Sticky Tamarind Pork Hock with Pineapple Apple Salsa and Banh Tieu

Serves 4
  • Steps
  • Ingredients


  • For the Red Braising Stock, combine stock/water, shaoxing, soy sauces, sugar, garlic, ginger, spring onion, sesame oil, spices and mandarin peel in a large saucepan over high heat and bring to the boil. Reduce to medium heat and simmer for 20 minutes.
  • For the Pork Hocks, place hocks in the pressure cooker. Strain Red Braising Stock through a sieve into the pressure cooker, discarding the aromats. Place pressure cooker on a high heat setting for 45 minutes or until pork is tender and almost falling off the bone.
  • Remove hocks from the stock and place onto a wire rack set over a tray and cool in the fridge overnight. Reserve the stock for use in other recipes.
  • For the Banh Tieu, combine yeast and warm water in a small bowl and briefly mix. Add sugar, stir and set aside for 10 minutes.
  • In the bowl of a stand mixer fitted with a dough hook, sift flour, sugar, salt and baking powder. Whilst hook is moving, gradually add yeast mixture and water and knead until the dough comes together, pulling cleanly away from the sides of the bowl.
  • Transfer the dough to a greased bowl, cover with plastic wrap and place in a warm place for two hours or until doubled in size.

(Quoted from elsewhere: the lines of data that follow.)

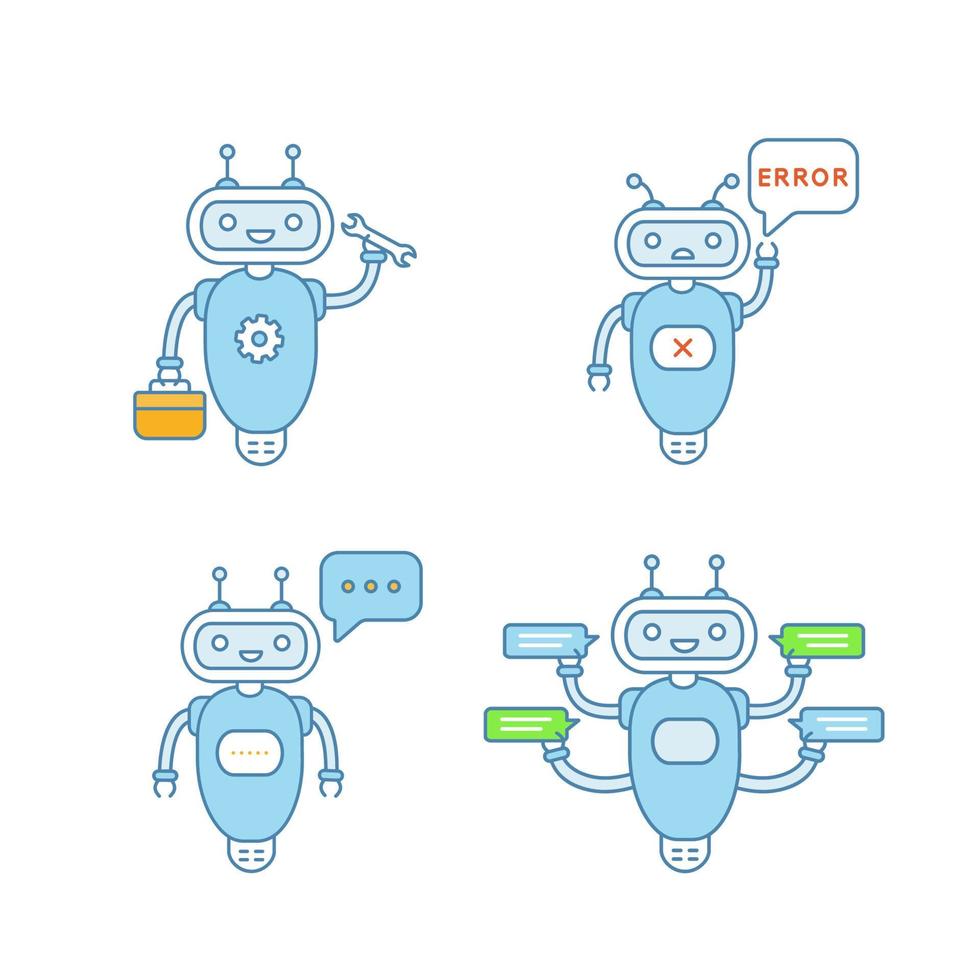 Chatbots color icons set. Talkbots. Virtual assistants. Support service, typing, error, repair chat bots. Modern robots. Isolated vector illustrations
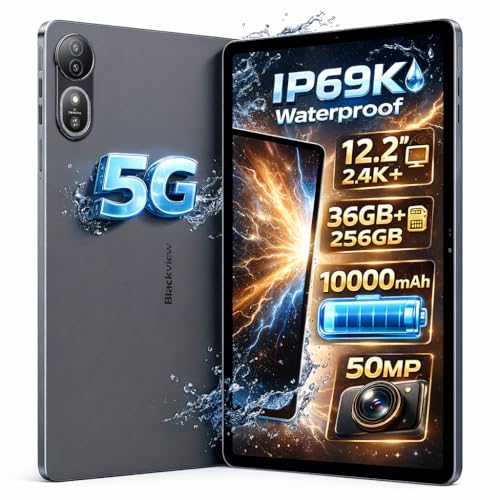 Blackview Mega 12 Impermeable IP69K 5G AI Tablet, 12,2' 2.4K 120Hz, 8,2 mm Ultradelgado, Batería 10000mAh, Tablet Android 16, 36GB+256GB (2TB Externo), Dual SIM 5G, Cámara 50MP, NFC GPS, Negro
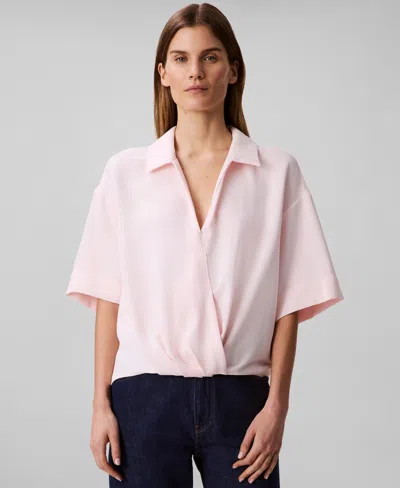 Calvin Klein Women's Collared Draped Faux-wrap Top In Pearl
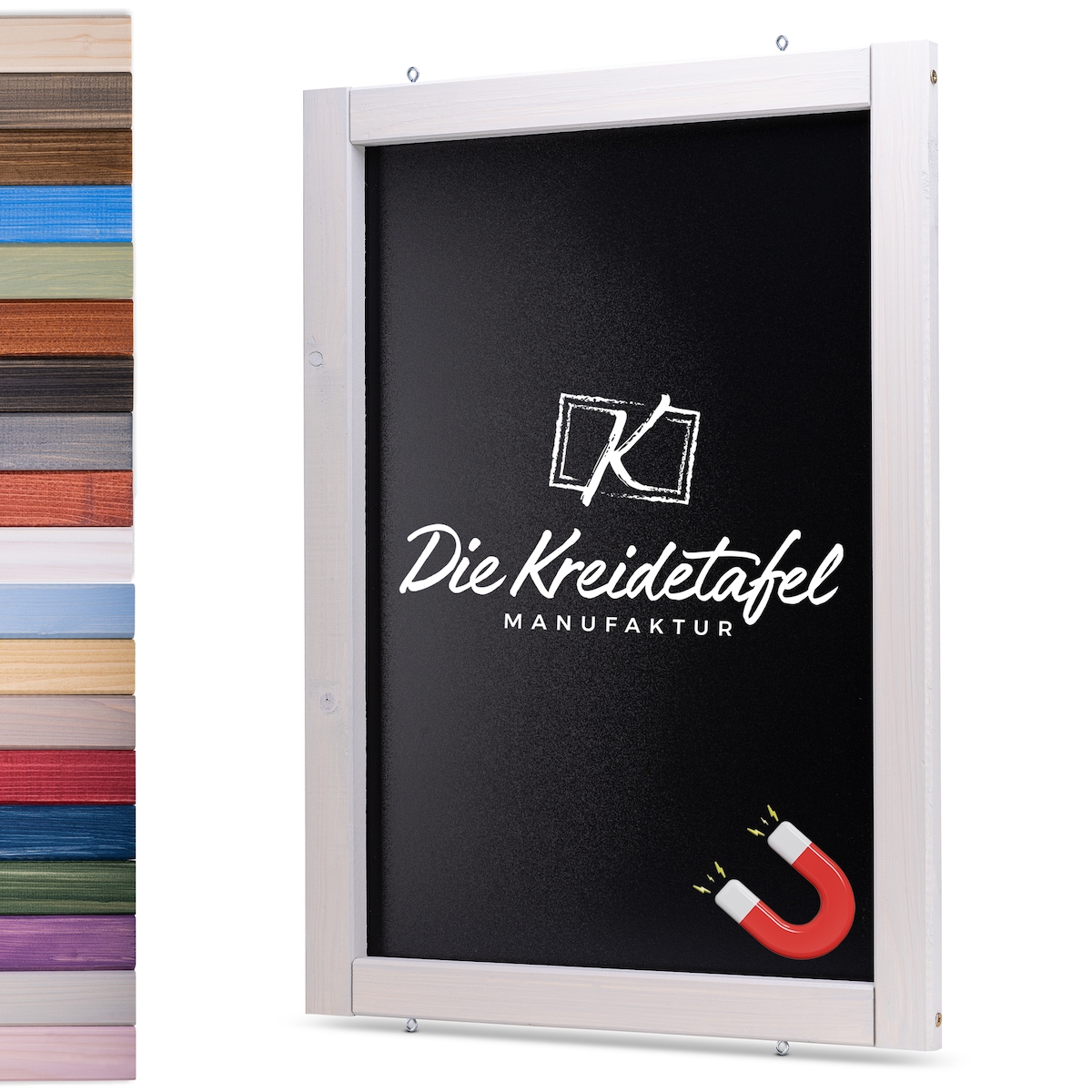 Die Kreidetafel Manufaktur Magnetische Kreidetafel - Magnettafel mit Holzrahmen / Steingrau 40x60cm Image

  • Meanwhile, for the Tamarind Caramel, combine palm sugar, tamarind pulp and soaking water, chilli, kaffir lime leaves, water and fish sauce in a medium saucepan over medium heat. Simmer for 20 minutes or until the liquid has reduced to a thick caramel. Remove saucepan from the heat, strain caramel through a fine sieve into a bowl and set aside.
  • Meanwhile, for the Nuoc Mam, combine sugar and hot water in a small bowl and stir to dissolve. Add fish sauce, vinegar, garlic and chilli and stir. Set aside.

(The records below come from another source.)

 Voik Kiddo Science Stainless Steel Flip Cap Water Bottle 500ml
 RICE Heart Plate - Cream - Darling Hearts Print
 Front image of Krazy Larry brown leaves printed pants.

  • For the Banh Tieu, knock the dough back and shape into a log. Dust your hands and the surface with extra flour. Transfer dough to the bench and cut the log into 30-40g portions.

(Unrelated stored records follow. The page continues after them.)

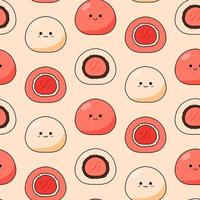 Seamless pattern with kawaii mochi on light background. vector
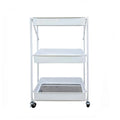 Carro Metálico Organizador Plegable con Ruedas Blanco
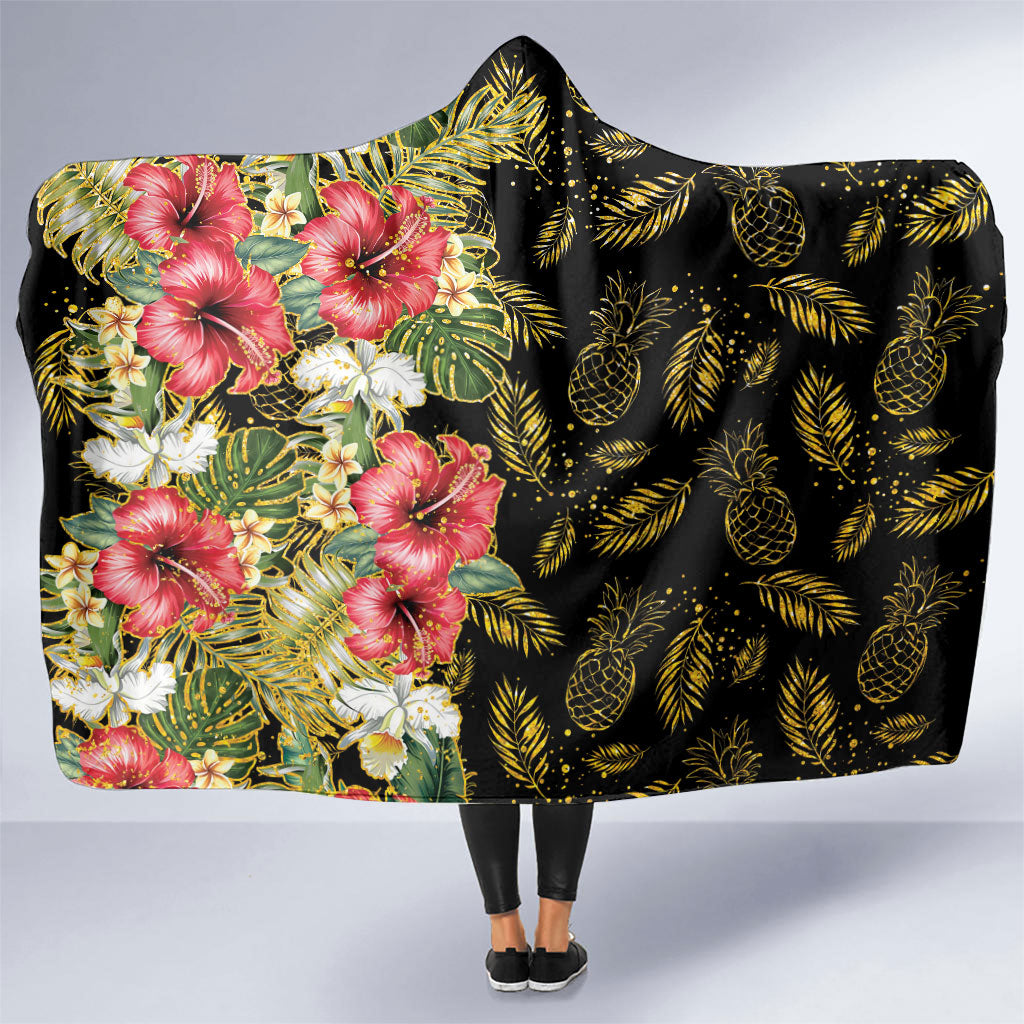 Hawaii Discoverers Day Hooded Blanket Tropical Hibiscus Glitter Black LT05 One Size Black - Polynesian Pride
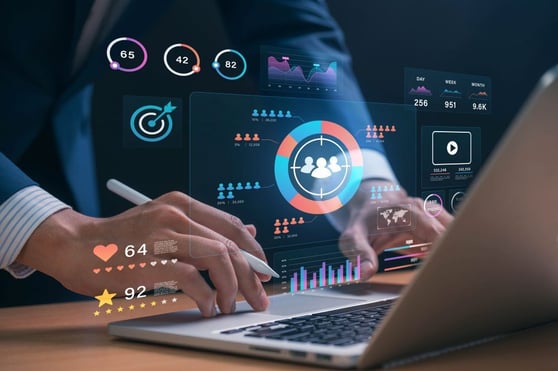 Business professional using data analytics to optimize a website for conversion and boost user engagement.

  • Roll each portion into a ball and press one side into a bowl of the sesame seeds.
  • Use a rolling pin to thinly roll each dough ball into a round. The thinner the dough, the puffier it gets when fried.
  • Warm a deep fryer of vegetable oil to 180C.
  • In batches, cook Banh Tieu until golden and puffed. Constantly flip the dough and as it floats, use a slotted spoon to submerge to give even colouring and encourage puff. Remove from the oil and drain on a wire rack. Set Banh Tieu aside to cool slightly.
  • For the Pork Hocks, one at a time, gently drop each hock into the oil and fry for 8-10 minutes or until the skin is crispy. Remove hock from the oil and place on a paper towel lined tray. Repeat with remaining hocks.
  • For the Pineapple Apple Salsa, combine, pineapple, apple, mint and chilli in a small bowl. Dress salsa with Nuoc Mam, toss through and set aside.
  • For the Tamarind Caramel, strain caramel through a fine sieve into a large bowl. Transfer a small amount into a small serving bowl.
  • Add pork hocks to the large bowl of caramel and roll the hocks through to evenly coat.
  • To serve, place the hocks on a large platter and top the hocks with salsa. Serve the herbs, lettuce, Banh Tieu and caramel on the side. To eat, tear Banh Tieu in half and fill with hock, salsa, lettuce and herbs and munch away!